They attack the enemies he attacks, condemning the news media as “dishonest” and “failing”. They have questioned the credibility of the FBI, whose failure to act on tips about the suspect in the Florida shooting has intensified criticism from conservatives seeking to discredit the bureau – this week, Dana Loesch, an NRA spokeswoman, encouraged mass demonstrations outside FBI offices.

And they often side with Trump in divisive cultural disputes – some of which have potent racial undercurrents – like his feuding with Black Lives Matter activists and the professional football players who knelt during the national anthem.

Big resources

With broadcast television-quality production and three dozen original series, NRATV has the ability to reach millions of people through the channels that distribute it like Apple TV, Roku and Amazon Fire TV. And it has significant resources at its disposal as part of the NRA’s far-reaching “membership support” programme. In recent years, that operation alone spent $35.5 million (€29 million), according to its most recent publicly available tax filing.

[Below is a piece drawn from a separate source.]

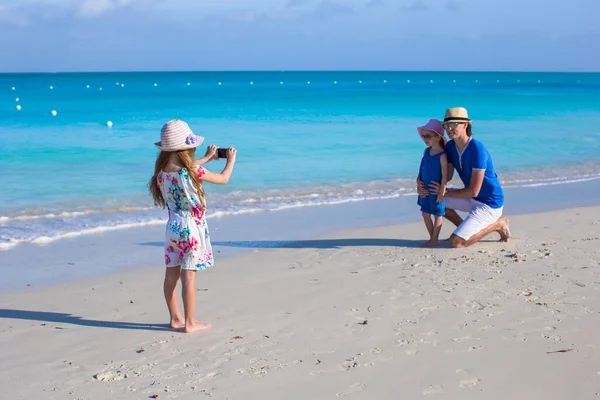 Little girl making photo on phone of her family at the beach — Stock Photo, Image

But it is just the newest piece of a larger news media operation inside the NRA that receives little attention compared with the group’s political and lobbying activity. The organisation produces at least seven print and online magazines that have a combined circulation of more than 11 million, according to the NRA.

Its biggest social media channels on Facebook and Twitter count about 8.7 million followers. On YouTube, five NRA-controlled channels have shared videos that have received nearly 102 million views.

Andrew Arulanandam, a spokesman for the NRA, declined to discuss the media effort, the size of its online audience or its programming in the wake of the Parkland shooting. As a matter of policy, he said, the NRA does not discuss proprietary matters.

NRATV is a budding business for the organisation, which has brokered sponsorship arrangements with gun-makers like Kimber, Mossberg and Ruger to feature their firearms on its programmes. Its series cover a range of topics and interests intended to appeal to gun owners of all kinds, like Armed and Fabulous, which profiles rifle-slinging women; Frontlines, a news magazine hosted by Oliver North (best known for his role in the Iran–Contra affair in the 1980s); and Under Wild Skies, which follows hunters in pursuit of big-game trophies.

But politics and provocation are NRATV's speciality. It has singled out news outlets and attacked individual journalists like Don Lemon of CNN, who was targeted in an ad that accused the anchor and his network of smearing Trump and colluding with Hillary Clinton's presidential campaign. In one video released this month, Loesch, a former Tea Party activist and Breitbart editor, pretended she was about to burn a copy of the New York Times.

Paid shills

Stories that circulate throughout right-wing news media often find their way to NRATV, which has devoted numerous segments to portraying anti-Trump demonstrators as paid shills, violent extremists and evangelists for Sharia law in the United States.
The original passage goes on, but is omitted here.